Treat the line containing "Photo 16 Mercedes" as the first line of the answer and the last line of the data as its final line, reproducing every line between exactly.

*** Material shown ***

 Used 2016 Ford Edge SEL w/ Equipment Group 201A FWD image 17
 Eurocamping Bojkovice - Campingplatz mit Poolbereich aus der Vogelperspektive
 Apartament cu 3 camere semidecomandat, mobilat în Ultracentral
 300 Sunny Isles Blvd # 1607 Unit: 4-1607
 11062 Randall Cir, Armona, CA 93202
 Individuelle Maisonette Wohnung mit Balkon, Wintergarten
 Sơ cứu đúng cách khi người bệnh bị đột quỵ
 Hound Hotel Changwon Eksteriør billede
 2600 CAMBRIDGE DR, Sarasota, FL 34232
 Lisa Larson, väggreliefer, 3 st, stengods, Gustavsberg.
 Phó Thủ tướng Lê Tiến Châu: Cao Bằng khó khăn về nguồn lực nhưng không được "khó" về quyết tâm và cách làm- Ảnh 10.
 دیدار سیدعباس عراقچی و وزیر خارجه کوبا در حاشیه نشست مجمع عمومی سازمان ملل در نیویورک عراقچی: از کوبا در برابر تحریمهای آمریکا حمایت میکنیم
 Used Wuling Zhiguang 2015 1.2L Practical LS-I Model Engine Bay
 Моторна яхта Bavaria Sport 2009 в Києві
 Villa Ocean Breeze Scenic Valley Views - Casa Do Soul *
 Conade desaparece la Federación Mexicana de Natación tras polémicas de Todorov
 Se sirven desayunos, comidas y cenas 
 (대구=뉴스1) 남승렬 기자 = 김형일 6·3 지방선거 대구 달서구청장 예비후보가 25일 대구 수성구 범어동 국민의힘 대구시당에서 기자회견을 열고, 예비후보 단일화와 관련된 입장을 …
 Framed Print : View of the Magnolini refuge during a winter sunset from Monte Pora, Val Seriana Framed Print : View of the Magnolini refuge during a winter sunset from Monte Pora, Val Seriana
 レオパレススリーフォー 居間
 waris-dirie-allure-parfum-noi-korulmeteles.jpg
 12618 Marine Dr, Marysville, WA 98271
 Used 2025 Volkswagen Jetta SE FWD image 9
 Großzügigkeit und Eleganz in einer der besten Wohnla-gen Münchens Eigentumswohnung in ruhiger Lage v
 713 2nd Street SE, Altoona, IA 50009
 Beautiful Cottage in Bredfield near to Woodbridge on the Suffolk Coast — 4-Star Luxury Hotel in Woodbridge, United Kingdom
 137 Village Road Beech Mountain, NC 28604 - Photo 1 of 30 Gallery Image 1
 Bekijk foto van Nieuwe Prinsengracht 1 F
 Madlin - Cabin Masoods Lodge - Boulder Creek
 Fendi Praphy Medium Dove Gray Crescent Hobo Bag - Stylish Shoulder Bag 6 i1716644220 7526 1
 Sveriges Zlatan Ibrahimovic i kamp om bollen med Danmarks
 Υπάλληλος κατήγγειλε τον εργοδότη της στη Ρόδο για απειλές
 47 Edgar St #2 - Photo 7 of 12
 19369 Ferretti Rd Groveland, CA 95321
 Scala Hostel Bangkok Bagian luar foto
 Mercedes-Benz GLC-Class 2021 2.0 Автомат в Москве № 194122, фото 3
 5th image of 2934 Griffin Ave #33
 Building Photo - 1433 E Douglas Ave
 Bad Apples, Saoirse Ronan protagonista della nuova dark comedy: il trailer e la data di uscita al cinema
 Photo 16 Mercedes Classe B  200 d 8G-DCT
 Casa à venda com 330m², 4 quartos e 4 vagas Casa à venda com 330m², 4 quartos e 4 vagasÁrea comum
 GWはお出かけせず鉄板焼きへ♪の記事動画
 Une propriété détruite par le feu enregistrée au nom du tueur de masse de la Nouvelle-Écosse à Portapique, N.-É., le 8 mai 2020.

*** End of Material shown ***

- Solution below -
 Photo 16 Mercedes Classe B  200 d 8G-DCT
 Casa à venda com 330m², 4 quartos e 4 vagas Casa à venda com 330m², 4 quartos e 4 vagasÁrea comum
 GWはお出かけせず鉄板焼きへ♪の記事動画
 Une propriété détruite par le feu enregistrée au nom du tueur de masse de la Nouvelle-Écosse à Portapique, N.-É., le 8 mai 2020.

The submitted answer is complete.